§ Assigned task
Return the whole listing unchanged. Drop the images.

§ Supplied data
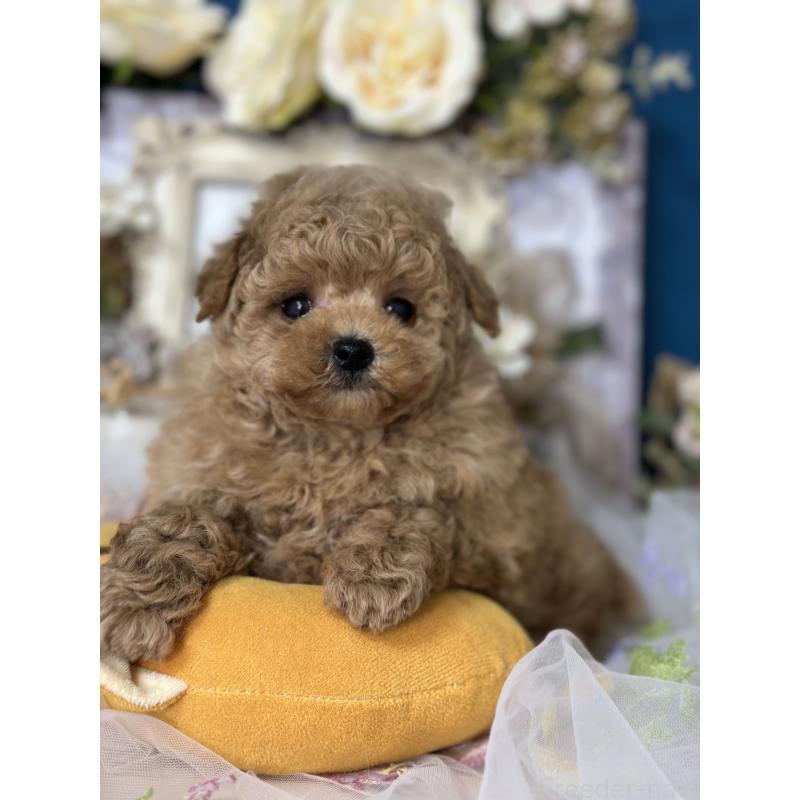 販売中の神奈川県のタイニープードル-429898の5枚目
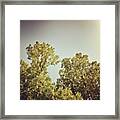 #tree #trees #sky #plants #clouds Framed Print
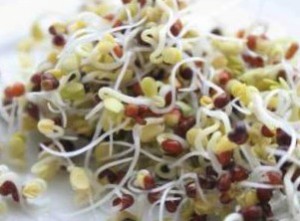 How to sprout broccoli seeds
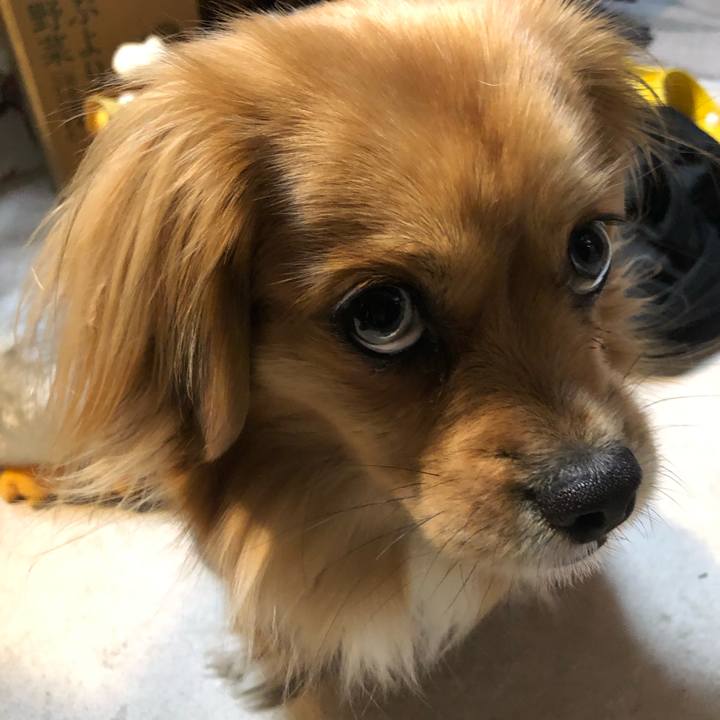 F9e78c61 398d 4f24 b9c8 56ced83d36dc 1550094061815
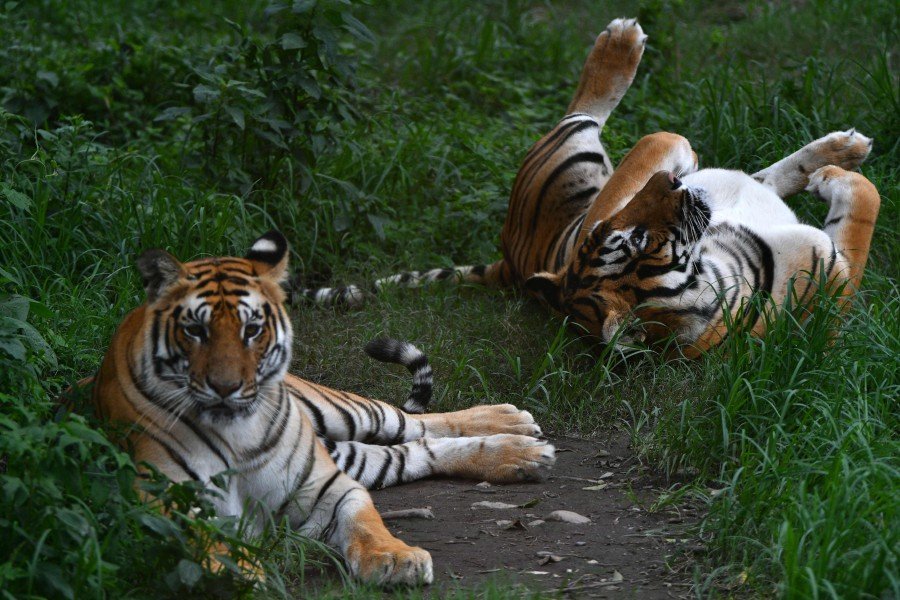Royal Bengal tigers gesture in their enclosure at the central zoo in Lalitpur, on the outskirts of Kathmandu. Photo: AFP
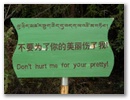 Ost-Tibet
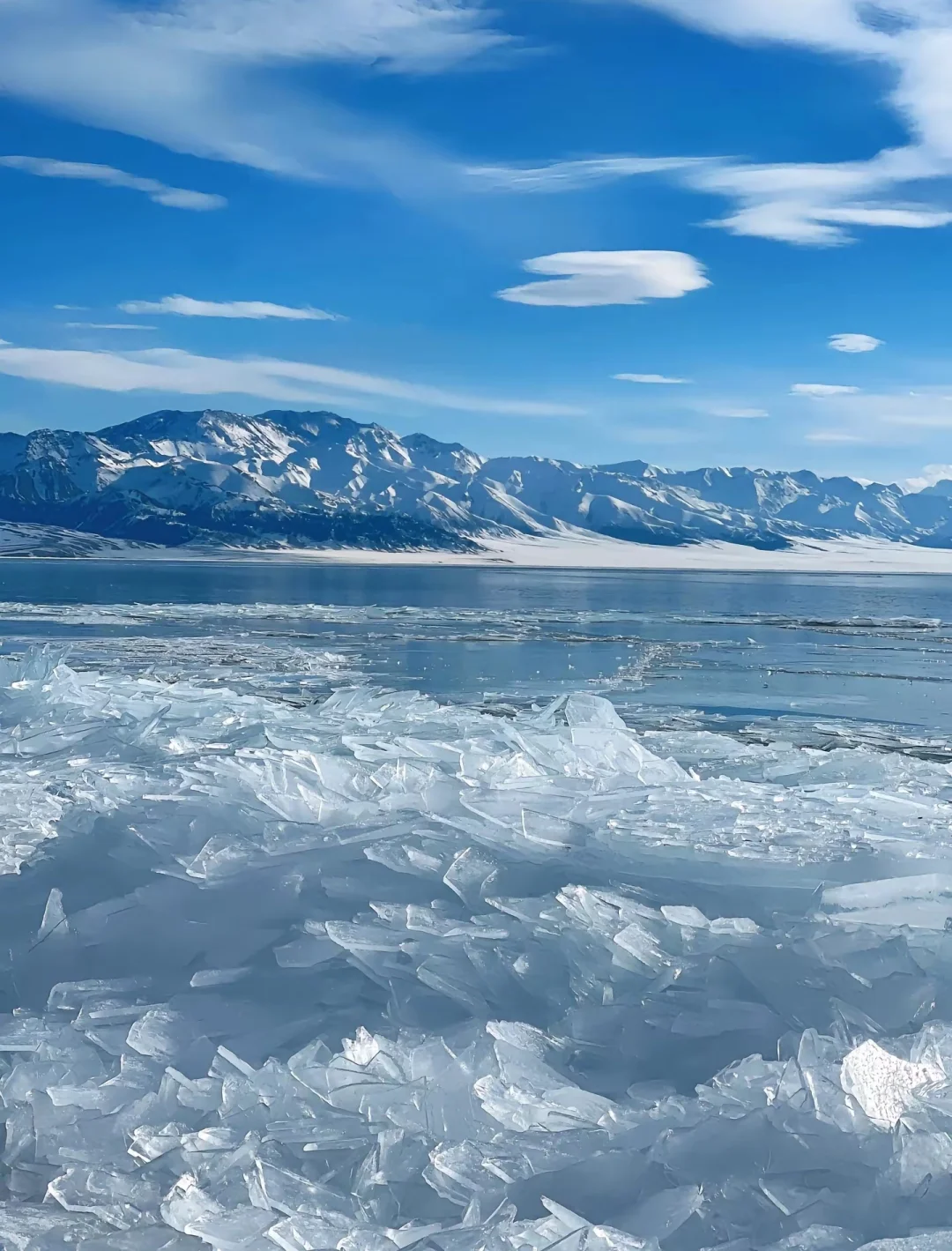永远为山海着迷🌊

§ Exercise result
 販売中の神奈川県のタイニープードル-429898の5枚目
 #tree #trees #sky #plants #clouds Framed Print
 How to sprout broccoli seeds
 F9e78c61 398d 4f24 b9c8 56ced83d36dc 1550094061815
Royal Bengal tigers gesture in their enclosure at the central zoo in Lalitpur, on the outskirts of Kathmandu. Photo: AFP
 Ost-Tibet
永远为山海着迷🌊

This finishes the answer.